Final Considerations
Domestic Harm in the Current Environment – Situational Background: Afraid of leaving or of being kicked out during these frightening times, DV victims are physically trapped at home with their abusers. Lockdowns and quarantines have already caused so much unreported, undiagnosed, and untreated pain and they can be reimposed at any moment. Experts say financial insecurity (from unemployment, inflation, sinking investments, etc.) and stress associated with 24/7 childcare are the most prominent factors in the increase of lockdown-related domestic abuse and violence. The damage from frustration and hostility is of a lasting nature, and mostly occurs between intimate partners, but is also directed towards, or psychologically impacts children and elders. Therefore, our timely mandate continues long after the lockdowns that triggered the harm are ended.
The following CBSI Non-Profit Corporate Plan Outline dovetails with the above proposal for a National Household Harm Committee. We are uniquely positioned with a new narrative and paradigm to launch a multimedia PR campaign with engaging live interviews, podcasts, and social media coverage to spread the message: the rise in ‘Household Harm’ that began during the lockdown, happened in ordinarily harmonious homes under duress from that disastrous event and should be managed in an intelligent, effective, and controlled manner. Not only do the victims of domestic violence suffer and need encouragement, but non-criminal offenses between intimate partners, negatively affect elders, children, and even pets, who can all be severely traumatized by toxic behavior, gaslighting, coercive control, and domestic abuse, and that psychological damage can last a lifetime.
Therefore. our organization, Caged Birds Sing Inc is dedicated to:
- Raising public awareness via media campaigns about this underreported and overlooked topic.

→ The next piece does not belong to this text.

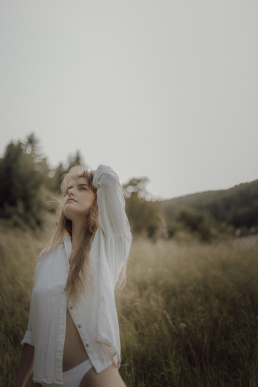 Bytom, Gliwice, Jastrzębie, Katowice, Rybnik, Wodzisław, Zabrze, fotograf śląsk, fotograf żory, fotografia kobieca, plener, pościel, red dress studio, sensual, sesja kobieca, sesja kobieca w plenerze, sesja sensualna, sesja w górach, sesja zdjęciowa, voucher na sesję kobiecą, zachód słońca, Śląsk, światło naturalne, Żory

- Collecting and compiling data and summarizing the latest scholarly research on causes, effects, and treatments of isolation-related household mistreatment.
- Disseminating more accurate statistics and innovative, pragmatic, and relevant methodologies for use by various organizations and individual professionals to proactively help millions of us who find ourselves in recently elevated, intolerable household situations.
- Establishing policies, procedures, standards, and criteria to organize and enhance community support structures for victims of domestic abuse, violence, and exploitation.
- Promoting the need for local support for the physical, emotional, and financial needs of victims.
- Assisting communities who seek to form and operate local Victims of Domestic Harm Services groups: with the help of civic organizations, dedicated professionals, corporate sponsors, and a host of trained volunteers, to use the Caged Bird Society model, methods, and technology to fill this pressing need.